Start of Task inputs

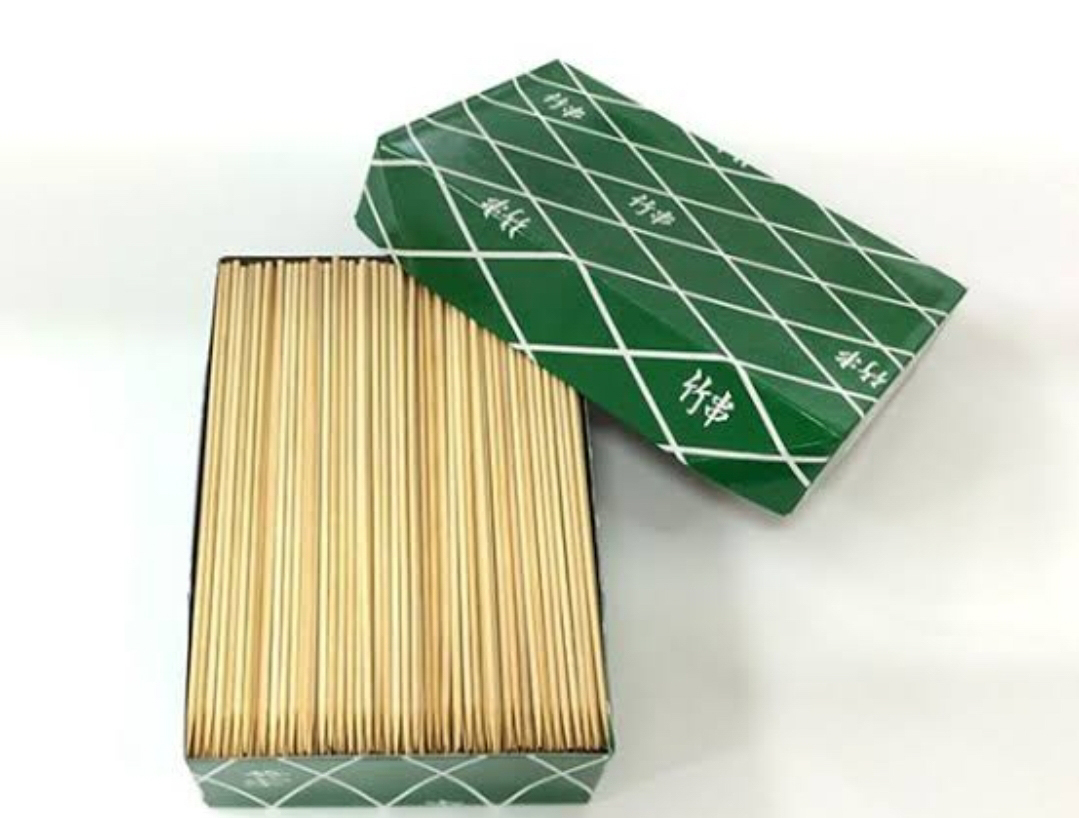竹串　１８ｃｍ　（箱入り）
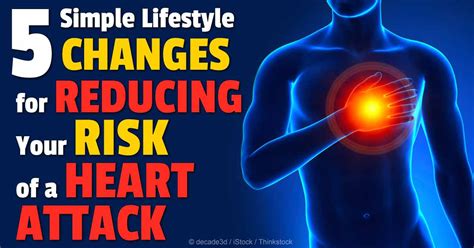 5 Lifestyle Changes Can Help Prevent 80 Percent of Heart ...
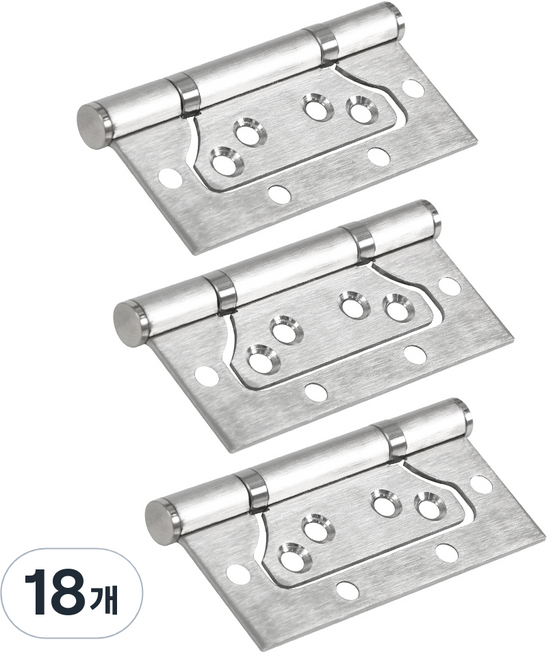 탐사 방문용 경첩, 18개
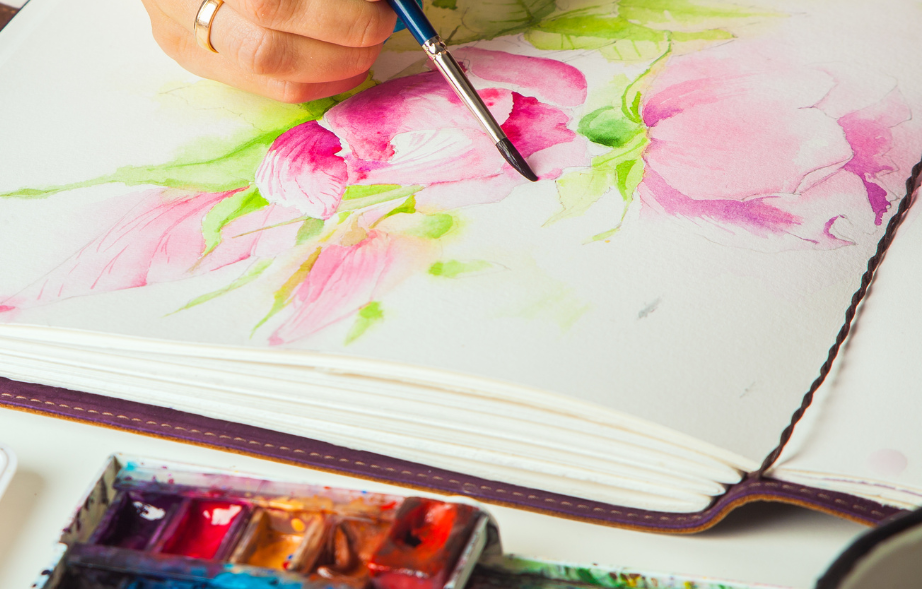 Event - Watercolour journal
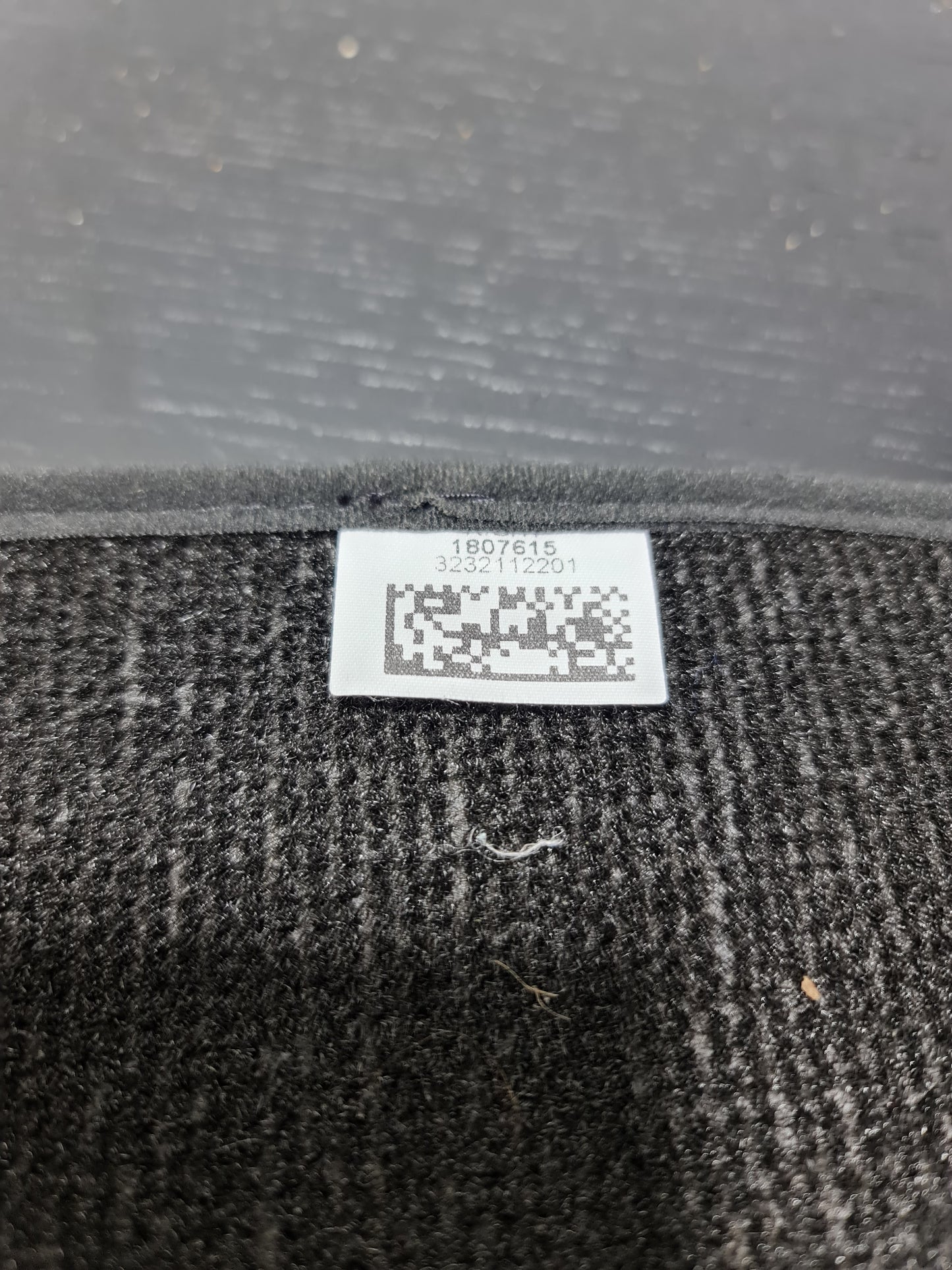 F82 M4 Rear Left Floor Mat - MPerformance.parts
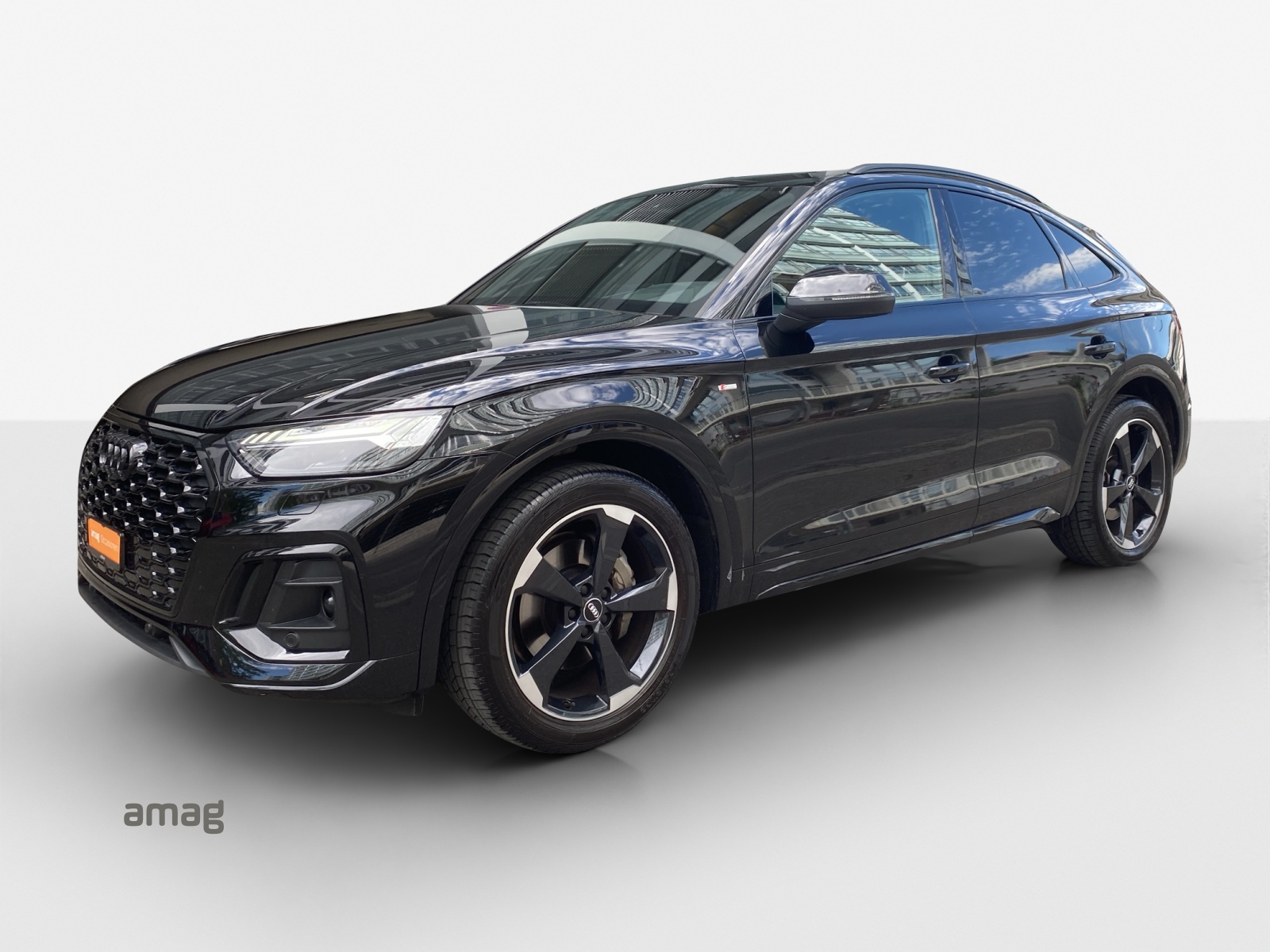 AUDI Q5 Sportback 45 TFSI S line quattro S-tronic-image-0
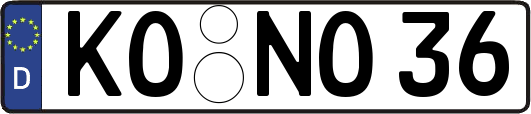 KO-NO36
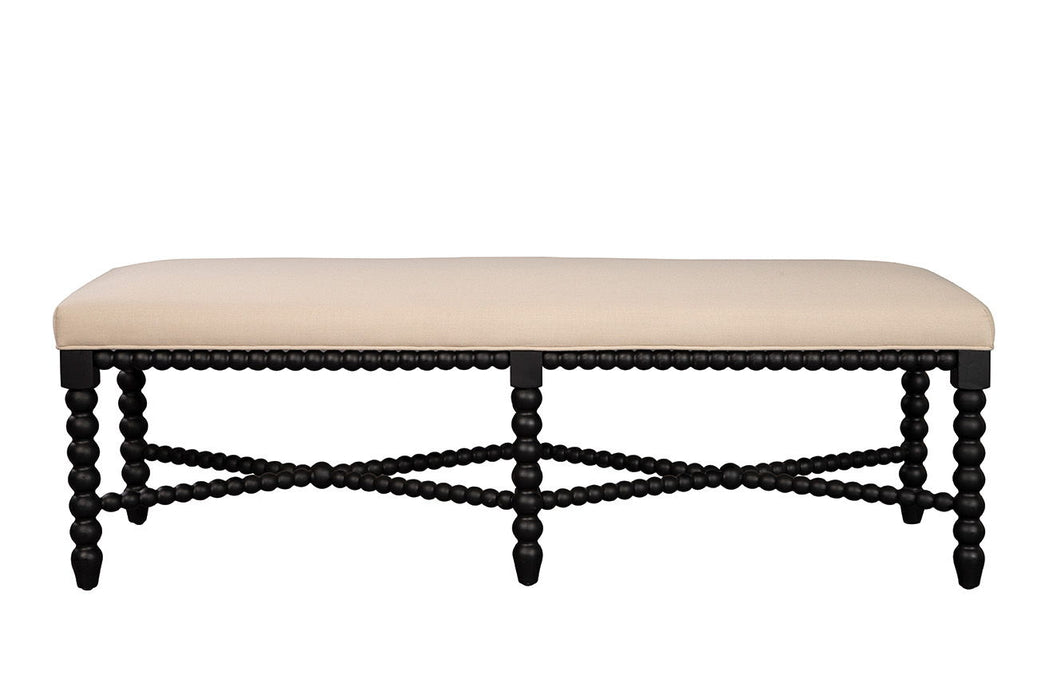 Monetti - Bobbin Bench - Beige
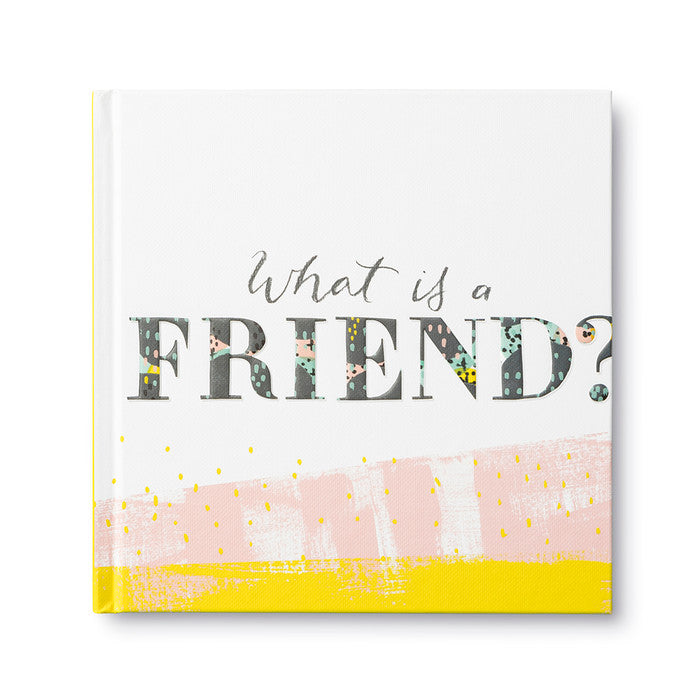 What Is A Friend Gift Book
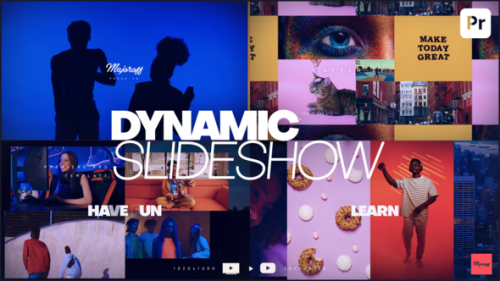 Videohive - Dynamic Slideshow - 42923903 - 42923903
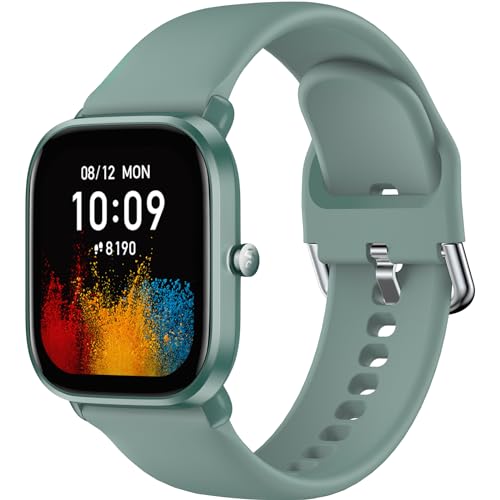 Higgs Uhrenarmband 20 mm, kompatibel mit Samsung Galaxy Watch 6/5/4 40 mm 44 mm/Watch 5 Pro 45 mm, Armbänder aus weichem Silikon für Galaxy Watch 6 Classic 43 mm 47 mm/Watch Active 2 40 mm 44 mm, Higgs Uhrenarmband 20 mm, kompatibel mit Samsung Galaxy Watch 6/5/4 40 mm 44 mm/Watch 5 Pro 45 mm, Armbänder aus weichem Silikon für Galaxy Watch 6 Classic 43 mm 47 mm/Watch Active 2 40 mm 44 mm, von Higgs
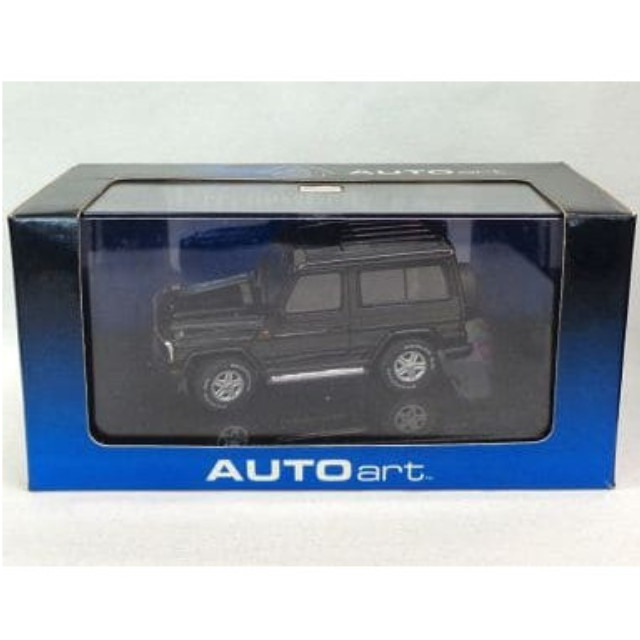 [MDL] 1/43 Mercedes Benz G-Wagon SWB(ブラック)  完成品 ミニカー(56103) AutoArt(オートアート)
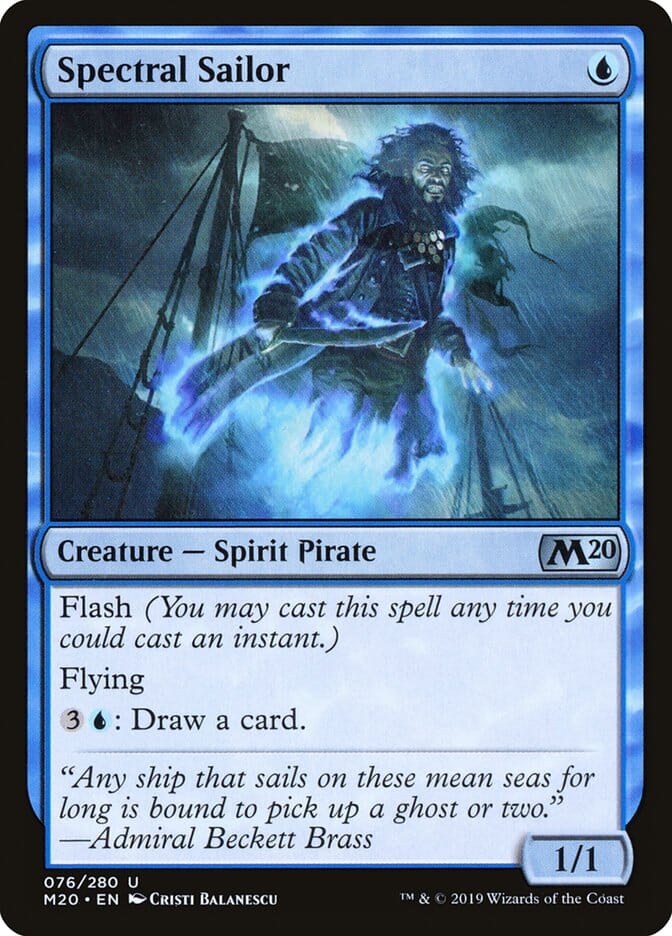 Spectral Sailor [Core Set 2020] MTG Single Magic: The Gathering  | Multizone: Comics And Games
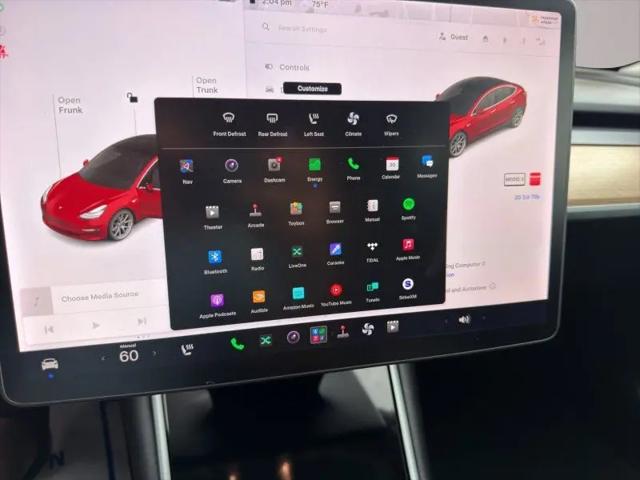 2020 Tesla Model 3 Long Range Dual Motor All-Wheel Drive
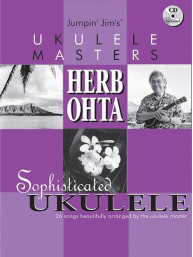 Jumpin Jim's Ukulele Masters: Herb Ohta (noty, melodická linka, akordy) (+audio)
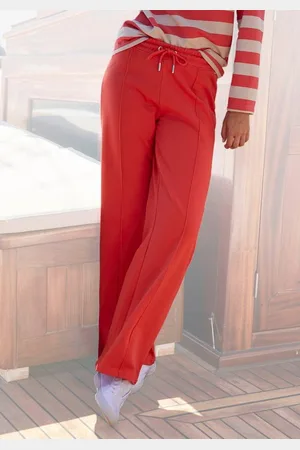 H.I.S Relaxhose im maritimen Stil, Loungeanzug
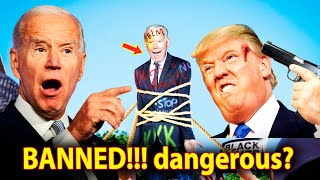 Trump's shocking ad against Biden! FORBIDDEN! Why is it considered dangerous?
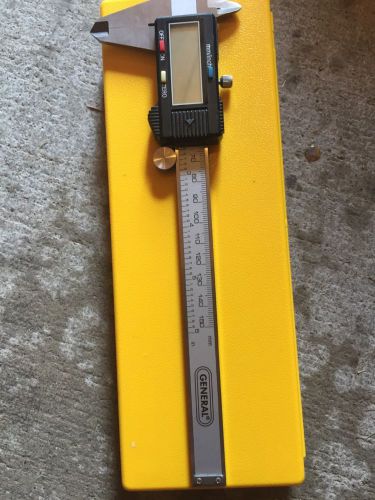 General tools digital caliper 150 mm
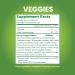 Superfood MD Veggies Supplement - 90 Veggie Capsules for Energy Beta Carotene Vitamins & Minerals - Made in the USA - Buy Online on GoSupps.com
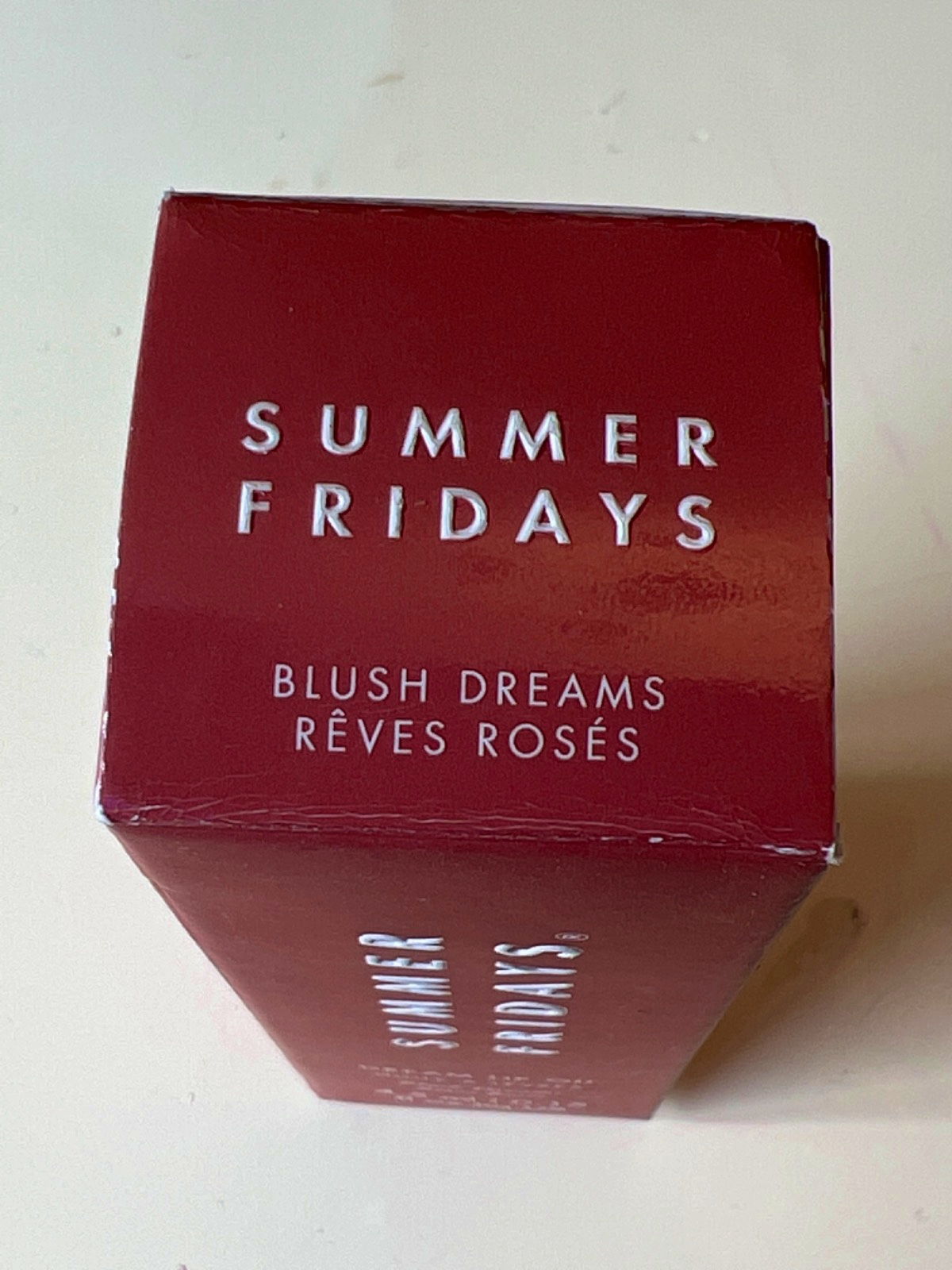 Summer Fridays Dream Lip Oil Blush Dreams 4.5 ml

End of Task inputs

* [Exercise] In the records above, find the line containing "Event - Watercolour journal", then write out exactly that line and every later one through the last, omitting pictures.

* [Finished exercise]
 Event - Watercolour journal
 F82 M4 Rear Left Floor Mat - MPerformance.parts
 AUDI Q5 Sportback 45 TFSI S line quattro S-tronic-image-0
 KO-NO36
 Monetti - Bobbin Bench - Beige
 What Is A Friend Gift Book
 Videohive - Dynamic Slideshow - 42923903 - 42923903
 Higgs Uhrenarmband 20 mm, kompatibel mit Samsung Galaxy Watch 6/5/4 40 mm 44 mm/Watch 5 Pro 45 mm, Armbänder aus weichem Silikon für Galaxy Watch 6 Classic 43 mm 47 mm/Watch Active 2 40 mm 44 mm, Higgs Uhrenarmband 20 mm, kompatibel mit Samsung Galaxy Watch 6/5/4 40 mm 44 mm/Watch 5 Pro 45 mm, Armbänder aus weichem Silikon für Galaxy Watch 6 Classic 43 mm 47 mm/Watch Active 2 40 mm 44 mm, von Higgs
 [MDL] 1/43 Mercedes Benz G-Wagon SWB(ブラック)  完成品 ミニカー(56103) AutoArt(オートアート)
 Spectral Sailor [Core Set 2020] MTG Single Magic: The Gathering  | Multizone: Comics And Games
 2020 Tesla Model 3 Long Range Dual Motor All-Wheel Drive
 Jumpin Jim's Ukulele Masters: Herb Ohta (noty, melodická linka, akordy) (+audio)
 H.I.S Relaxhose im maritimen Stil, Loungeanzug
 Trump's shocking ad against Biden! FORBIDDEN! Why is it considered dangerous?
 General tools digital caliper 150 mm
 Superfood MD Veggies Supplement - 90 Veggie Capsules for Energy Beta Carotene Vitamins & Minerals - Made in the USA - Buy Online on GoSupps.com
 Summer Fridays Dream Lip Oil Blush Dreams 4.5 ml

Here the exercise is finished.